More than a third of top-tier councils (54 out of 149 we had data for) experienced a fall in their usable revenue reserves. Some of these reductions were significant: at least three authorities had falls of more than 10% compared to the previous year. The four authorities with the lowest usable reserves (relative to net revenue expenditure) had reductions in reserves, as did 20 authorities in the bottom quartile. Some of these councils will be struggling to manage or contain their financial pressures, and this is where there is still a very high risk of financial failure.
As we found in our previous research, there continues to be a significant disparity in the level of reserves at the extremes: whilst two authorities have more than a year’s net revenue expenditure in their reserves, 14 authorities have less than two months’ worth of net revenue expenditure.
At the class level, the pattern is little changed from last year: of top-tier councils, shire counties have the lowest level of reserves relative to net revenue expenditure (30%), and inner London boroughs the highest (58%). The lower level of reserves in counties possibly reflects the greater financial pressure that they are under from social care, both in terms of the growth in demand and the share of counties’ budgets. Nevertheless, with the exception of inner London, usable reserves have grown over the last year in each class of top-tier authority.
Inner London is an interesting case. Its levels of usable reserves are very high relative to net revenue expenditure compared other top-tier councils. While some councils have very high reserve levels there have been some very large reductions in some individual boroughs in 2017-18, and overall inner London is the only class to report aggregate reductions in reserves. It is not known if this was planned use of earmarked reserves, or balances to support the budget. The largest reduction was at Kensington & Chelsea RBC, due to its response to the Grenfell Tower tragedy. Whilst Kensington & Chelsea’s level of reserves has enabled the council to absorb the additional costs, it does show authorities with lower levels of reserves may struggle if they are ever faced with an unanticipated event resulting in a significant financial shock.
Given the overall scale of reserves in inner London boroughs, there is no immediate financial threat to any of these authorities.
The story for districts is quite different. As a class, they have much higher levels of reserves, they had the largest aggregate increase in reserves, and most districts are increasing their reserves.
Despite having the highest decreases in core spending power, the returns from retained business rates have been significant for many districts as have returns from the new homes bonus. We know that many district councils are very worried about potential changes in funding in 2020-21, including a baseline reset and changes to the new homes bonus, and might be hoarding resources in anticipation of a reduction in their share of funding.
One worrying aspect of our analysis, though, is that those districts with low levels of reserves are more likely to have reported reductions in 2017-18. This is a different picture from the top-tier, where reductions were more evenly distributed.

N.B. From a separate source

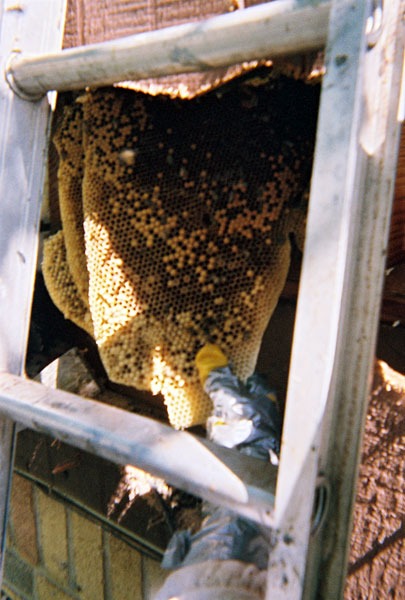 In-wall honeycomb extraction by a certified beekeeper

It suggests districts receiving little from business rates and new homes bonus are struggling. These are typically areas with higher levels of deprivation, lower taxbases and less growth. This is a real risk area for the future.
While there has been a stabilisation in the level of usable reserves, both nationally and in each class of authority, there continue to be serious concerns at the extremes where some authorities have very low – and reducing – levels of usable reserves on which to fall back on.
The government might dismiss one section 114 notice as an outlier. However, this data shows that the financial stresses are more widespread.